A Generation of Capitalist Decay
By Jay Arena, New Orleans WDN

On many indicators, the material conditions of the US working class have declined in the era of "neoliberalism", otherwise known as capitalism in decay.

1973: average weekly wage :$502,
1998: average weekly wage:$442,
DOWN 12%.

1973: one child in seven children  in poverty
1997: one child in five children  in poverty

1983 -1995 the inflation adjusted net worth (which includes the value of a home)
of the bottom 40% of households
DOWN 79.6%
of the middle 55% of households
DOWN 25.6%. 

Unionization DOWN to  10% of the workforce, from its high of 30 % in the 1950s.
Prison population UP-- 2002 over 2 million people were incarcerated in the US. 12% of African American males in their twenties and early thirties were incarcerated. As of 1997 the top 1% of households had 40.1% of all wealth, UP to the highest level since 1929, the eve of the Great Depression.

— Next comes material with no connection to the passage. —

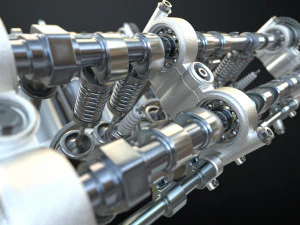 v6 engine working animated 3D Model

Neoliberalism in the Third World
1980: 136 million people in poverty in Latin America, 41% of the population. 
1992: 266 million people in poverty, 62% of the population.
Minimum wage in 1993 as percentage of minimum wage in 1980:
Argentina 49%
Brazil 56%,
Mexico 41%,
Ecuador 21%

Wages as percent of GDP ( measure of what share of total wealth goes to workers).

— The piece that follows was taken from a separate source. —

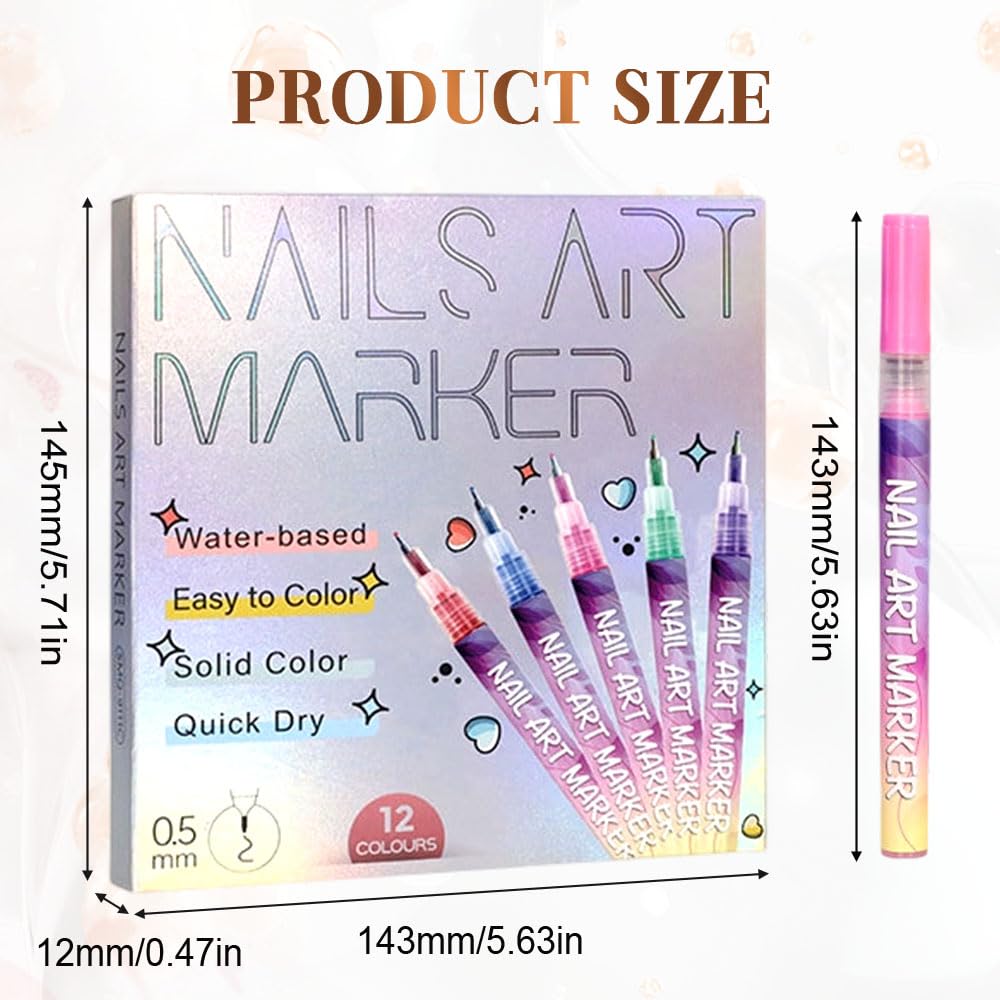 NOGCAW Nail Art Pens showing quick-drying feature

Country      1970             1990

Venezuela   41%                31%. 
Peru           40%                16.8%
Mexico       37.5%             27.3%
Ecuador     34%                15%.  

Between 10 and 20% of the total national income has been shifted from the vast majority of the population--the workers--to a tiny layer of the ultra-rich. By 1994 Mexico had 27 billionaires, more than the number of all of Latin America just 2 years earlier.  The growth in the number of millionaires and billionaires in Mexico and Latin America at one pole, and the increasing misery at the other end of the class spectrum, are a direct result of the policies of privatization, export promotion and state violence against workers organizations.